Package 'RPostgres'

Title: C++ Interface to PostgreSQL
Description: Fully DBI-compliant C++-backed interface to PostgreSQL <https://www.postgresql.org/>, an open-source relational database.
Authors: Hadley Wickham [aut], Jeroen Ooms [aut], Kirill Müller [aut, cre] , RStudio [cph], R Consortium [fnd], Tomoaki Nishiyama [ctb] (Code for encoding vectors into strings derived from RPostgreSQL)
Maintainer: Kirill Müller <[email protected]>
License: MIT + file LICENSE
Version: 1.4.7
Built: 2024-11-24 06:32:30 UTC
Source: CRAN

Help Index


RPostgres: Rcpp Interface to PostgreSQL

Description

Fully DBI-compliant Rcpp-backed interface to PostgreSQL https://www.postgresql.org/, an open-source relational database.

Author(s)

Maintainer: Kirill Müller [email protected] (ORCID)

Authors:

  • Hadley Wickham

  • Jeroen Ooms

Other contributors:

  • RStudio [copyright holder]

  • R Consortium [funder]

  • Tomoaki Nishiyama (Code for encoding vectors into strings derived from RPostgreSQL) [contributor]

See Also

Useful links:


Postgres driver

Description

DBI::dbConnect() establishes a connection to a database. Set drv = Postgres() to connect to a PostgreSQL(-ish) database. Use drv = Redshift() instead to connect to an AWS Redshift cluster.

Manually disconnecting a connection is not necessary with RPostgres, but still recommended; if you delete the object containing the connection, it will be automatically disconnected during the next GC with a warning.

Usage

Postgres()

## S4 method for signature 'PqDriver'
dbConnect(
  drv,
  dbname = NULL,
  host = NULL,
  port = NULL,
  password = NULL,
  user = NULL,
  service = NULL,
  ...,
  bigint = c("integer64", "integer", "numeric", "character"),
  check_interrupts = FALSE,
  timezone = "UTC",
  timezone_out = NULL
)

## S4 method for signature 'PqConnection'
dbDisconnect(conn, ...)

Arguments

drv

DBI::DBIDriver.
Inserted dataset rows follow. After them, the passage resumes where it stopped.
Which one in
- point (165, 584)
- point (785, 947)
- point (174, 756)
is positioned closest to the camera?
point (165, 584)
Use Postgres() to connect to a PostgreSQL(-ish) database or Redshift() to connect to an AWS Redshift cluster. Use an existing DBI::DBIConnection object to clone an existing connection.

dbname

Database name. If NULL, defaults to the user name. Note that this argument can only contain the database name, it will not be parsed as a connection string (internally, expand_dbname is set to false in the call to PQconnectdbParams()).

host, port

Host and port. If NULL, will be retrieved from PGHOST and PGPORT env vars.

user, password

User name and password. If NULL, will be retrieved from PGUSER and PGPASSWORD envvars, or from the appropriate line in ⁠~/.pgpass⁠. See https://www.postgresql.org/docs/current/libpq-pgpass.html for more details.

service

Name of service to connect as. If NULL, will be ignored. Otherwise, connection parameters will be loaded from the pg_service.conf file and used. See https://www.postgresql.org/docs/current/libpq-pgservice.html for details on this file and syntax.

...

Other name-value pairs that describe additional connection options as described at https://www.postgresql.org/docs/current/libpq-connect.html#LIBPQ-PARAMKEYWORDS

bigint

The R type that 64-bit integer types should be mapped to, default is bit64::integer64, which allows the full range of 64 bit integers.

check_interrupts

Should user interrupts be checked during the query execution (before first row of data is available)? Setting to TRUE allows interruption of queries running too long.

timezone

Sets the timezone for the connection. The default is "UTC". If NULL then no timezone is set, which defaults to the server's time zone.

timezone_out

The time zone returned to R, defaults to timezone. If you want to display datetime values in the local timezone, set to Sys.timezone() or "". This setting does not change the time values returned, only their display.

conn

Connection to disconnect.

Examples

library(DBI)
# Pass more arguments as necessary to dbConnect()
con <- dbConnect(RPostgres::Postgres())
dbDisconnect(con)

Execute a SQL statement on a database connection

Description

To retrieve results a chunk at a time, use dbSendQuery(), dbFetch(), then dbClearResult(). Alternatively, if you want all the results (and they'll fit in memory) use dbGetQuery() which sends, fetches and clears for you.

Usage

## S4 method for signature 'PqResult'
dbBind(res, params, ...)

## S4 method for signature 'PqResult'
dbClearResult(res, ...)

## S4 method for signature 'PqResult'
dbFetch(res, n = -1, ..., row.names = FALSE)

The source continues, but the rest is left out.